» **Exercise details**
Given the material below, return only the lines starting at the line with "Air Jordan 3" and ending at the line with "Белый Шкода Фабия, объемом", exactly as they appear.

» **Data to use**
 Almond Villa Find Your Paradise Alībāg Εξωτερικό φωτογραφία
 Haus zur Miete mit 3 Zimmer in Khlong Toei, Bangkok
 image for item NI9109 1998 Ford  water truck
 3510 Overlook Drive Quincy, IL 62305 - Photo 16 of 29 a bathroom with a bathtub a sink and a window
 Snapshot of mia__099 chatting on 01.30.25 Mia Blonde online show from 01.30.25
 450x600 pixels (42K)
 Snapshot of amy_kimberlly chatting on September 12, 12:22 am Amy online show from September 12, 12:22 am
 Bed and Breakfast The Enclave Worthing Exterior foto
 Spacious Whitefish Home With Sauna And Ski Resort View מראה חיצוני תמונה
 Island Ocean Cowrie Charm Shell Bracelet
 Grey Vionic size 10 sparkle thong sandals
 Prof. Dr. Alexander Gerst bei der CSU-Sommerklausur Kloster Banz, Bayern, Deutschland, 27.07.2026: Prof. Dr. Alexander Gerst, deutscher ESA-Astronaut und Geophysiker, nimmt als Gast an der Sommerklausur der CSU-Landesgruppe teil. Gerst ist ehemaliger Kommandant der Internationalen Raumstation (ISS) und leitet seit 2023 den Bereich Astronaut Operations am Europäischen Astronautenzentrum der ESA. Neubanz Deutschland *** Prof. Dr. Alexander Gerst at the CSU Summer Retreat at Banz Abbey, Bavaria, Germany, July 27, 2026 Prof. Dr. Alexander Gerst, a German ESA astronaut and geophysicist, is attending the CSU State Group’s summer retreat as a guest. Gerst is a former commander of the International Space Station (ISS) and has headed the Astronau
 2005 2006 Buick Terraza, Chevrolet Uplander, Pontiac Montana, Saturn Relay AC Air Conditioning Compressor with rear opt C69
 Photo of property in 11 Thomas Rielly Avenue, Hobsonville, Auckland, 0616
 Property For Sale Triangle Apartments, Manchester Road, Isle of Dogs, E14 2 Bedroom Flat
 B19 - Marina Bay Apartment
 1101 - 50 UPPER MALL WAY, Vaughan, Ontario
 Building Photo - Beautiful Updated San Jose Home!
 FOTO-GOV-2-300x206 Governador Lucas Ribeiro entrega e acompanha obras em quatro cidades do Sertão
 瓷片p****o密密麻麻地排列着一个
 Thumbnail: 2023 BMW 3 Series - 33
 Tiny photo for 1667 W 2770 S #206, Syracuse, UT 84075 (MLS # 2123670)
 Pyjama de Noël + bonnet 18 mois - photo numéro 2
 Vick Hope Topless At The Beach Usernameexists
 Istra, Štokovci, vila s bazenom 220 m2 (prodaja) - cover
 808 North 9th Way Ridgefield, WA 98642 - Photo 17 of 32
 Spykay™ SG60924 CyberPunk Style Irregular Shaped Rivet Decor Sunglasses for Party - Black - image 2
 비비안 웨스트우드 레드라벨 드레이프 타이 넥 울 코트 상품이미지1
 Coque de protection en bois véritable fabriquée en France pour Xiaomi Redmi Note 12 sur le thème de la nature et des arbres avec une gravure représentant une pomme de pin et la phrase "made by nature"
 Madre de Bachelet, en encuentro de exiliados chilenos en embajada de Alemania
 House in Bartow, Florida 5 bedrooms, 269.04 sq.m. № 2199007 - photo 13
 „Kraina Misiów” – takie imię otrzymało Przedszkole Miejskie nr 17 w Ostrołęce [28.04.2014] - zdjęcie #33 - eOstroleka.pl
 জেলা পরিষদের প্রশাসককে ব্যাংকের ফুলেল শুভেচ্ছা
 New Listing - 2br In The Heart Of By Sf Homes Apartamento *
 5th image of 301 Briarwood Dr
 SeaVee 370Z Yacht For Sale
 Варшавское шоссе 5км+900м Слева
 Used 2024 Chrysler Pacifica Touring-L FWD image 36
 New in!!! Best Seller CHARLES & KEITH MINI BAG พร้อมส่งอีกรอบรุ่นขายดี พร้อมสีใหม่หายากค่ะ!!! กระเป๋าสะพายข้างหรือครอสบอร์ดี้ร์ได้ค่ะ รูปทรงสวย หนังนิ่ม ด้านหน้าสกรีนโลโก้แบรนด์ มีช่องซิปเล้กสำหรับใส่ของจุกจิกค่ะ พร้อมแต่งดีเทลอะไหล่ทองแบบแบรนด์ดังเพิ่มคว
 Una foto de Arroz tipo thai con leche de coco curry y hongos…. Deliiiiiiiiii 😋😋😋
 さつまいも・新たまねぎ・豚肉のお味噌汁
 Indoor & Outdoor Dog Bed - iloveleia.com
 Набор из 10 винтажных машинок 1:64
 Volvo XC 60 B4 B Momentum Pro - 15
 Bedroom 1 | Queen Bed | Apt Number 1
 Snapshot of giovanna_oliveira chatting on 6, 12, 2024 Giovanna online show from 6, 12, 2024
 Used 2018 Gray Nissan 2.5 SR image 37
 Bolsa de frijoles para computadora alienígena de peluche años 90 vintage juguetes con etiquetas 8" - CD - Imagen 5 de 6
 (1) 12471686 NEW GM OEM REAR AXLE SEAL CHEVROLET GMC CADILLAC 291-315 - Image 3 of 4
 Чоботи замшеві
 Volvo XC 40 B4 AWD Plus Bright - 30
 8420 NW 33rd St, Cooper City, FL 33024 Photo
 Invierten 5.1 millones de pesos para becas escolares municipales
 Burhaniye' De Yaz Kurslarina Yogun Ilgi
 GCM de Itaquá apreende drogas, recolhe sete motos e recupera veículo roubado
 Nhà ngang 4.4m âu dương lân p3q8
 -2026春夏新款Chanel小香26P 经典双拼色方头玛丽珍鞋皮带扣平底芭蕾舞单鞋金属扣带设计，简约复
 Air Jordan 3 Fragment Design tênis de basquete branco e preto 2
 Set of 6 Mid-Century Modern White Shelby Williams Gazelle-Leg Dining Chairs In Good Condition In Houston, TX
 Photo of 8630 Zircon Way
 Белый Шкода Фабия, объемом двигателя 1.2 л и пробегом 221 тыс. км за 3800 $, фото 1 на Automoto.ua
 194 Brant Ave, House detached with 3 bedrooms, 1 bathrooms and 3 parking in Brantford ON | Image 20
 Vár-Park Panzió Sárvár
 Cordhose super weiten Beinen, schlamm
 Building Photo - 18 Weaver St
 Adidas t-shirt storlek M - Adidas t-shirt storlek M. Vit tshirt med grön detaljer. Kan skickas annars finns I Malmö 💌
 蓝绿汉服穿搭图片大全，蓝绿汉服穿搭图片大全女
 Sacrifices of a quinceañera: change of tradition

» **Expected answer**
 Air Jordan 3 Fragment Design tênis de basquete branco e preto 2
 Set of 6 Mid-Century Modern White Shelby Williams Gazelle-Leg Dining Chairs In Good Condition In Houston, TX
 Photo of 8630 Zircon Way
 Белый Шкода Фабия, объемом двигателя 1.2 л и пробегом 221 тыс. км за 3800 $, фото 1 на Automoto.ua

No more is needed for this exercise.